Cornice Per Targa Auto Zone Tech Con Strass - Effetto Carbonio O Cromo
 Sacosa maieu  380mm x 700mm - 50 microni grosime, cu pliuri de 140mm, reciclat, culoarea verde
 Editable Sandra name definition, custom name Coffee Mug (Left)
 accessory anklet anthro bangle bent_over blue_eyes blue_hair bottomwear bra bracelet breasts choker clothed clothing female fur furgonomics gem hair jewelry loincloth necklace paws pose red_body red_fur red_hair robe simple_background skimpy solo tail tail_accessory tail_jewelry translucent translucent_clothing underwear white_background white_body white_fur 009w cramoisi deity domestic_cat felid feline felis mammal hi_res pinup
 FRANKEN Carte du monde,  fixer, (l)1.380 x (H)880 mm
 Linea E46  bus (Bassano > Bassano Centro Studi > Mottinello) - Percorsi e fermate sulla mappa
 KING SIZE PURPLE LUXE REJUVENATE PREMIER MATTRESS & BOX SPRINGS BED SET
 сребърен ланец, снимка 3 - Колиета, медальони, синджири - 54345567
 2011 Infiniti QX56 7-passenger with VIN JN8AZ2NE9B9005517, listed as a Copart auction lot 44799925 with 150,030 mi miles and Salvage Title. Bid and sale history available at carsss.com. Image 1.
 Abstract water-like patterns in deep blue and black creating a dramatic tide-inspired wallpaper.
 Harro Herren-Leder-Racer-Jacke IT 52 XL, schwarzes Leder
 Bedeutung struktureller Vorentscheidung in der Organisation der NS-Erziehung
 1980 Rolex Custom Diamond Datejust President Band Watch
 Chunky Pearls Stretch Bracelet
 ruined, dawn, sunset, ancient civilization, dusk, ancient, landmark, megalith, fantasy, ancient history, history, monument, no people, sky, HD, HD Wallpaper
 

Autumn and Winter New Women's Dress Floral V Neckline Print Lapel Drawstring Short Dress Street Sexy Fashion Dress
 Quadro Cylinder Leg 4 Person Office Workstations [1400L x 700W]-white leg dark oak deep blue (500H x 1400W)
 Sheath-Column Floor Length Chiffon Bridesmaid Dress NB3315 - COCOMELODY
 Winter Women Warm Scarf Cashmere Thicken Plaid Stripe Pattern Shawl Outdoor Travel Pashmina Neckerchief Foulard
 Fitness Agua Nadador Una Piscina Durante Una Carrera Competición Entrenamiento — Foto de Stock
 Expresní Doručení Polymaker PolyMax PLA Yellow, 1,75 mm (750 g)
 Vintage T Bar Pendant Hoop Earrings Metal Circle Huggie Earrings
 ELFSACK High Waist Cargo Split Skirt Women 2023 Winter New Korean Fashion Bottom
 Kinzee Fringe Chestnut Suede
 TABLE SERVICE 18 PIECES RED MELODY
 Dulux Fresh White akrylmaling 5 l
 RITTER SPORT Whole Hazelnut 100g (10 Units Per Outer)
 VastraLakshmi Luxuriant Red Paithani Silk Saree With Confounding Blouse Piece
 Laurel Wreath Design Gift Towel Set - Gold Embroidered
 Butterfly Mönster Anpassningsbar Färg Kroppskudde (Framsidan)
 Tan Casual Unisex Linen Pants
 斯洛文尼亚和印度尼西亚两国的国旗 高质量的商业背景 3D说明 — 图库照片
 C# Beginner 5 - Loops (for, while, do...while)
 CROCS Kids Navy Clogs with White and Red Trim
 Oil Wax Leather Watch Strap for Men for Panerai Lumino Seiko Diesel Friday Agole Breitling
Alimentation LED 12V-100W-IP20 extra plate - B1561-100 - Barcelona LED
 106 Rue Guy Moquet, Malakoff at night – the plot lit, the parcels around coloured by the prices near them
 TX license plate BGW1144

━━━━

Retype every line of the listing above exactly as given.

Cornice Per Targa Auto Zone Tech Con Strass - Effetto Carbonio O Cromo
 Sacosa maieu  380mm x 700mm - 50 microni grosime, cu pliuri de 140mm, reciclat, culoarea verde
 Editable Sandra name definition, custom name Coffee Mug (Left)
 accessory anklet anthro bangle bent_over blue_eyes blue_hair bottomwear bra bracelet breasts choker clothed clothing female fur furgonomics gem hair jewelry loincloth necklace paws pose red_body red_fur red_hair robe simple_background skimpy solo tail tail_accessory tail_jewelry translucent translucent_clothing underwear white_background white_body white_fur 009w cramoisi deity domestic_cat felid feline felis mammal hi_res pinup
 FRANKEN Carte du monde,  fixer, (l)1.380 x (H)880 mm
 Linea E46  bus (Bassano > Bassano Centro Studi > Mottinello) - Percorsi e fermate sulla mappa
 KING SIZE PURPLE LUXE REJUVENATE PREMIER MATTRESS & BOX SPRINGS BED SET
 сребърен ланец, снимка 3 - Колиета, медальони, синджири - 54345567
 2011 Infiniti QX56 7-passenger with VIN JN8AZ2NE9B9005517, listed as a Copart auction lot 44799925 with 150,030 mi miles and Salvage Title. Bid and sale history available at carsss.com. Image 1.
 Abstract water-like patterns in deep blue and black creating a dramatic tide-inspired wallpaper.
 Harro Herren-Leder-Racer-Jacke IT 52 XL, schwarzes Leder
 Bedeutung struktureller Vorentscheidung in der Organisation der NS-Erziehung
 1980 Rolex Custom Diamond Datejust President Band Watch
 Chunky Pearls Stretch Bracelet
 ruined, dawn, sunset, ancient civilization, dusk, ancient, landmark, megalith, fantasy, ancient history, history, monument, no people, sky, HD, HD Wallpaper
 

Autumn and Winter New Women's Dress Floral V Neckline Print Lapel Drawstring Short Dress Street Sexy Fashion Dress
 Quadro Cylinder Leg 4 Person Office Workstations [1400L x 700W]-white leg dark oak deep blue (500H x 1400W)
 Sheath-Column Floor Length Chiffon Bridesmaid Dress NB3315 - COCOMELODY
 Winter Women Warm Scarf Cashmere Thicken Plaid Stripe Pattern Shawl Outdoor Travel Pashmina Neckerchief Foulard
 Fitness Agua Nadador Una Piscina Durante Una Carrera Competición Entrenamiento — Foto de Stock
 Expresní Doručení Polymaker PolyMax PLA Yellow, 1,75 mm (750 g)
 Vintage T Bar Pendant Hoop Earrings Metal Circle Huggie Earrings
 ELFSACK High Waist Cargo Split Skirt Women 2023 Winter New Korean Fashion Bottom
 Kinzee Fringe Chestnut Suede
 TABLE SERVICE 18 PIECES RED MELODY
 Dulux Fresh White akrylmaling 5 l
 RITTER SPORT Whole Hazelnut 100g (10 Units Per Outer)
 VastraLakshmi Luxuriant Red Paithani Silk Saree With Confounding Blouse Piece
 Laurel Wreath Design Gift Towel Set - Gold Embroidered
 Butterfly Mönster Anpassningsbar Färg Kroppskudde (Framsidan)
 Tan Casual Unisex Linen Pants
 斯洛文尼亚和印度尼西亚两国的国旗 高质量的商业背景 3D说明 — 图库照片
 C# Beginner 5 - Loops (for, while, do...while)
 CROCS Kids Navy Clogs with White and Red Trim
 Oil Wax Leather Watch Strap for Men for Panerai Lumino Seiko Diesel Friday Agole Breitling
Alimentation LED 12V-100W-IP20 extra plate - B1561-100 - Barcelona LED
 106 Rue Guy Moquet, Malakoff at night – the plot lit, the parcels around coloured by the prices near them
 TX license plate BGW1144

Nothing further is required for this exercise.